Dude. I give El Reg heads up on astronomy stories all the time (you're welcome) and spend all winter with my big old school orange tube Celestron C-11 freezing my ass off to give grammar school kids a peek at the things in the heavens. In short I really like astronomy.
I also like to poke fun at the cunning linguist who named Uranus. It's a perfect classic setup and there's nothing wrong with having a little giggle at the silly things in life. It's the people who can't laugh at silly things that are in way over their heads. Possibly you're just having a bad day or perhaps a change in your toilet paper manufacturers product has caused you to have (wait for it)...
Klingons on Uranus?
Well, that's great, and I really like to think of you and your orange tube Celestron - wish I could had one too ! But how many people never get past laughing at the name and see something this spellbinding themselves ? Most, I wager .... http://hubblesite.org/gallery/album/solar_system/uranus/pr1998035a/
I'm pretty sure the schoolboys brain-stopping pronunciation is just dead wrong - the Greeks probably pronounced it something like 'OO-raa-nus' anyway ....
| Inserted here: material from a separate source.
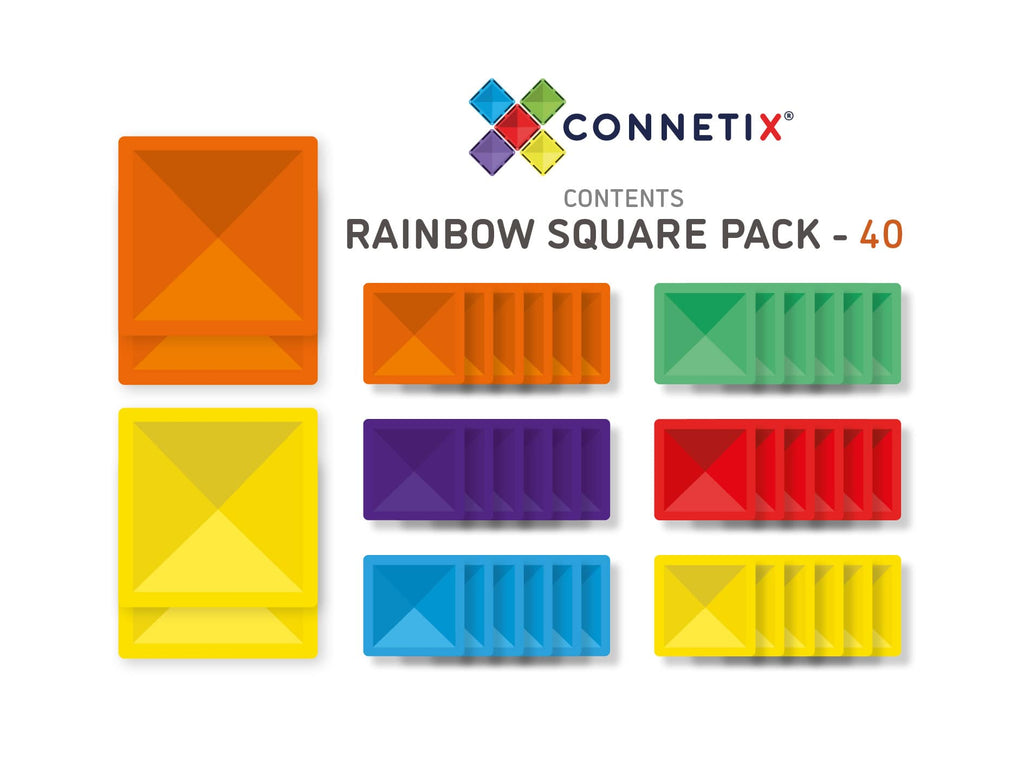 Connetix Magnetic Tiles 40 Piece Square Rainbow Pack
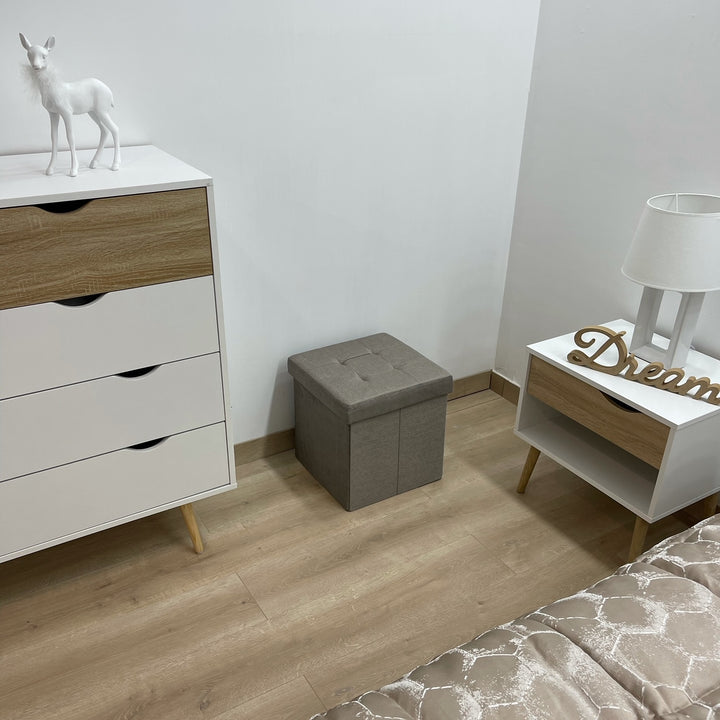 Pouf Contenitore in velluto Tortora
And, no, my toilet paper is soft and I'm having just another happy day ... thanks for the dialogue, like I say, your usual comments are more interesting ...
"Isn't that what happened to so many Mars probes?"
Well, Mars seems to be getting more support than other planets. When NASA announced the 2020 Mars Rover, to be based on Curiosity, there was some shock in the planetary science community that NASA was so obsessed with Mars:
And the reason for THAT is the ISS and the space shuttle: two exceedingly expensive projects which could never get above low earth orbit, but which sucked up all money available for manned space flight. It wasn't until the shuttle was decommissioned it became possible to start planning for new manned missions. I just wish we could get rid of the utterly useless ISS too.
Space research is fantastic and we have come a huge way in the last 50 years or so.
Alas in the last 30 accountancy developments have meant that any money headed anywhere ends up in the wrong place legally.
In a couple of years India's Mars mission will turn into a Bacon Triptych in an office somewhere.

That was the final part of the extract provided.